§ **EXERCISE**
Retype, word for word, every line of the records below starting at the one that contains "BotSubscription Bot - Importing" and ending at the one that contains "Silver Floral Pattern Engraved Band Ring"; include both of those lines and nothing more.

§ **PROVIDED RECORDS**
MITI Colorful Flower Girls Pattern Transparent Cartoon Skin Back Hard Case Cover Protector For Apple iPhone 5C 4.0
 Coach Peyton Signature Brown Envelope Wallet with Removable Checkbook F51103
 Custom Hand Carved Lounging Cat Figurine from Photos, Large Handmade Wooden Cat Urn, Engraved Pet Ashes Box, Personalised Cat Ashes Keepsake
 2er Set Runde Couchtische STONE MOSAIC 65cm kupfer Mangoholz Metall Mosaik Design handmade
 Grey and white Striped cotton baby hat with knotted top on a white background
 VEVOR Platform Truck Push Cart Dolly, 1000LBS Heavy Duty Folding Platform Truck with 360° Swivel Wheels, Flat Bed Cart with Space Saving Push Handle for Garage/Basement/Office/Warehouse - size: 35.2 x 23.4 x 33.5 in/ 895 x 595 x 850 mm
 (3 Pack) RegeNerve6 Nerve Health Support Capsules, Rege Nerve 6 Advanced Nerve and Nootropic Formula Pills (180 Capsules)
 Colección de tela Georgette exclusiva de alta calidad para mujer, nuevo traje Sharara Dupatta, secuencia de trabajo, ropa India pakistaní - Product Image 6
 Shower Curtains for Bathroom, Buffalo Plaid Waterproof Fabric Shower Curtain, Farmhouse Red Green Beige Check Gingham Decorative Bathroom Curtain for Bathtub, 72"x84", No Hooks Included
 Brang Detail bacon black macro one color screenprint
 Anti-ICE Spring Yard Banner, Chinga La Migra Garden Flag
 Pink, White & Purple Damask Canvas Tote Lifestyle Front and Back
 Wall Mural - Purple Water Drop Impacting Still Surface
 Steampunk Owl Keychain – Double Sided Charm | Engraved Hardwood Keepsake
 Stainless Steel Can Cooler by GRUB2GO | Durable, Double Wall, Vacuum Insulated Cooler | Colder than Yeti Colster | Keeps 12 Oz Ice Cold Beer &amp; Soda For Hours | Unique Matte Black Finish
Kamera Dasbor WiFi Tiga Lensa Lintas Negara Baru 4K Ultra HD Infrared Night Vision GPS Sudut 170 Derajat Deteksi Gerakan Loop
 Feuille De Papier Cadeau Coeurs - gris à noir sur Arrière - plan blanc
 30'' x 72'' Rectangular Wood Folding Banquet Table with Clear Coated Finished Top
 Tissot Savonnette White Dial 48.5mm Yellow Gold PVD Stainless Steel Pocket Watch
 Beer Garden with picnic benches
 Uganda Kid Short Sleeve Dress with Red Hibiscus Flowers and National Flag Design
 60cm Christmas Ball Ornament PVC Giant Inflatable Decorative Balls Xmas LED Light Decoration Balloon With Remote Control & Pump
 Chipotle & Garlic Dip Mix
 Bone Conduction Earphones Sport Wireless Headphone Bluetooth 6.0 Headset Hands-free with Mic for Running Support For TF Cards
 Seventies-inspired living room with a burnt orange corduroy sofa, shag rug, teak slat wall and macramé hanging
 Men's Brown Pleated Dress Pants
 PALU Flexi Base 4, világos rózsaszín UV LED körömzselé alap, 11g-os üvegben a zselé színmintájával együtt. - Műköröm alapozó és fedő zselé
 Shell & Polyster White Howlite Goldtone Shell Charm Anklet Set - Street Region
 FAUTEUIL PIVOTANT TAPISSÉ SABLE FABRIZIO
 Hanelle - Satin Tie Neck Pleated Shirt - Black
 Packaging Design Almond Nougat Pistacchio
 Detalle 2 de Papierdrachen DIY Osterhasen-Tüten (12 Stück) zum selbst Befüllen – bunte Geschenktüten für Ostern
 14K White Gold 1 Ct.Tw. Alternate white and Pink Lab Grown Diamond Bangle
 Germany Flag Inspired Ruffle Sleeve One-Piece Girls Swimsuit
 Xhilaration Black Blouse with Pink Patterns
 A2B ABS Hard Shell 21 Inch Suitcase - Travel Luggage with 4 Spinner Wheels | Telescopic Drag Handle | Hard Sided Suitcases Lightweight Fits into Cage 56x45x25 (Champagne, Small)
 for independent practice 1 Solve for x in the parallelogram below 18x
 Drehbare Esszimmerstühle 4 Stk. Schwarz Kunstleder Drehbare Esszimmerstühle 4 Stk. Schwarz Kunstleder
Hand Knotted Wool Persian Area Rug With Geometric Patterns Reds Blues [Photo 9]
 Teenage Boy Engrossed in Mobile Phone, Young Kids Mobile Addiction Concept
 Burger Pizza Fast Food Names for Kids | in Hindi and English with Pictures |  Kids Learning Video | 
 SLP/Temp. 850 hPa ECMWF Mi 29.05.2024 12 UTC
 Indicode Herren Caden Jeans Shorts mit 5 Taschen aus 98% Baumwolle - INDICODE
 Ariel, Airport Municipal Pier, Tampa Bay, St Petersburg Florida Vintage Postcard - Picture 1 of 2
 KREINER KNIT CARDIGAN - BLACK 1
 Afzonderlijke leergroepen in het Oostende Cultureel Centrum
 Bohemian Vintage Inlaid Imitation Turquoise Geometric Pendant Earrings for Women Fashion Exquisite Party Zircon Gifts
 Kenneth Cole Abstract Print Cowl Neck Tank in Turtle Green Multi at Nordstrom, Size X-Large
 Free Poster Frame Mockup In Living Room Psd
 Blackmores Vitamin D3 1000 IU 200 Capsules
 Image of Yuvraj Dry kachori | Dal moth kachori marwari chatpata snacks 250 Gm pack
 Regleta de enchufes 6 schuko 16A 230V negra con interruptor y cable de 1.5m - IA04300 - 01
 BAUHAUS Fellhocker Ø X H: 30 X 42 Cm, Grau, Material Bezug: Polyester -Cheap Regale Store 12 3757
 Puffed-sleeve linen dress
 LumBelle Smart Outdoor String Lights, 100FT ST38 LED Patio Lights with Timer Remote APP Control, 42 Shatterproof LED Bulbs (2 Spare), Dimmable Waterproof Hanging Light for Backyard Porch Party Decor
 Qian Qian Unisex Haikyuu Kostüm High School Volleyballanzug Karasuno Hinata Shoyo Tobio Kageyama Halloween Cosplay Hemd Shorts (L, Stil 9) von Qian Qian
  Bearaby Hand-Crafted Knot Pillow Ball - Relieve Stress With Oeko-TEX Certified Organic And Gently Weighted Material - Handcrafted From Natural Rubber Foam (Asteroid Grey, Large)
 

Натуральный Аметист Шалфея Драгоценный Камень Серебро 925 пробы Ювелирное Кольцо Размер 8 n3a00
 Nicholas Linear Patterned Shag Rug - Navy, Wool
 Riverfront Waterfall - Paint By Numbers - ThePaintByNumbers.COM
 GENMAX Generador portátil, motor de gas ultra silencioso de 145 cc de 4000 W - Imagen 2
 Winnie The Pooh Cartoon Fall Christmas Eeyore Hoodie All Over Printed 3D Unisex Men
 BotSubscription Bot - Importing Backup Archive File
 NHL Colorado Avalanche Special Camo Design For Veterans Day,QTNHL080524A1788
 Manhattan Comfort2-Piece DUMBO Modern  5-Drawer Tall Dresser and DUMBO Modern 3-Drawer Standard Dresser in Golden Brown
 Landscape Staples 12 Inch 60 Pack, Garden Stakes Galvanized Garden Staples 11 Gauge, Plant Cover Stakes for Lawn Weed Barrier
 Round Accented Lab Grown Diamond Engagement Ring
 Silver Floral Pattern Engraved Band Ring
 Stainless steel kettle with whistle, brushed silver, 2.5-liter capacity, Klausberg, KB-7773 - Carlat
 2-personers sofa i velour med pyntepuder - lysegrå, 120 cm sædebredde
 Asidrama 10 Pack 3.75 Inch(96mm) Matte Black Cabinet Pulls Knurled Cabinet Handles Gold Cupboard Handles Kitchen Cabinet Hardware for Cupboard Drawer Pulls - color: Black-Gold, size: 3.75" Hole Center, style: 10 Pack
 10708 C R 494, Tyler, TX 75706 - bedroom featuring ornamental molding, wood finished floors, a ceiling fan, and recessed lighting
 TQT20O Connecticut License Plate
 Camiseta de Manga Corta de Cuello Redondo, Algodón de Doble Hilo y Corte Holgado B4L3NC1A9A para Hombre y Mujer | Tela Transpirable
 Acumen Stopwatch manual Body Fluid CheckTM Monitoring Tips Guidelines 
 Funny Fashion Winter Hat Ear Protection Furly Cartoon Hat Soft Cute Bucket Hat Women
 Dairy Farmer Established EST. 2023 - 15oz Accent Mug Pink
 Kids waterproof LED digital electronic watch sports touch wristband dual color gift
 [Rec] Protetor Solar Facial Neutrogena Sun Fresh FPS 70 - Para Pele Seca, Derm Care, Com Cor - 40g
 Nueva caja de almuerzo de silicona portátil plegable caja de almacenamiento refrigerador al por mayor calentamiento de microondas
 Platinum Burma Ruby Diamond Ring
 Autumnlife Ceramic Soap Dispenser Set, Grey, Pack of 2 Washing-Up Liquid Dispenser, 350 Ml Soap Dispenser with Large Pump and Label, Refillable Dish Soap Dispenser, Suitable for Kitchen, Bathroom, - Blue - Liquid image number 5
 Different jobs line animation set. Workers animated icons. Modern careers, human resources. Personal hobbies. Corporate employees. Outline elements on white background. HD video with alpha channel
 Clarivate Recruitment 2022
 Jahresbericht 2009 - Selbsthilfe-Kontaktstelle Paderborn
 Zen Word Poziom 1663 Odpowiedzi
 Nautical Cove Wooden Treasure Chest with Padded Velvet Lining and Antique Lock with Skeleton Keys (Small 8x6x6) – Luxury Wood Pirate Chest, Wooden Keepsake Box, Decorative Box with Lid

§ **PROBLEM SOLUTION**
 BotSubscription Bot - Importing Backup Archive File
 NHL Colorado Avalanche Special Camo Design For Veterans Day,QTNHL080524A1788
 Manhattan Comfort2-Piece DUMBO Modern  5-Drawer Tall Dresser and DUMBO Modern 3-Drawer Standard Dresser in Golden Brown
 Landscape Staples 12 Inch 60 Pack, Garden Stakes Galvanized Garden Staples 11 Gauge, Plant Cover Stakes for Lawn Weed Barrier
 Round Accented Lab Grown Diamond Engagement Ring
 Silver Floral Pattern Engraved Band Ring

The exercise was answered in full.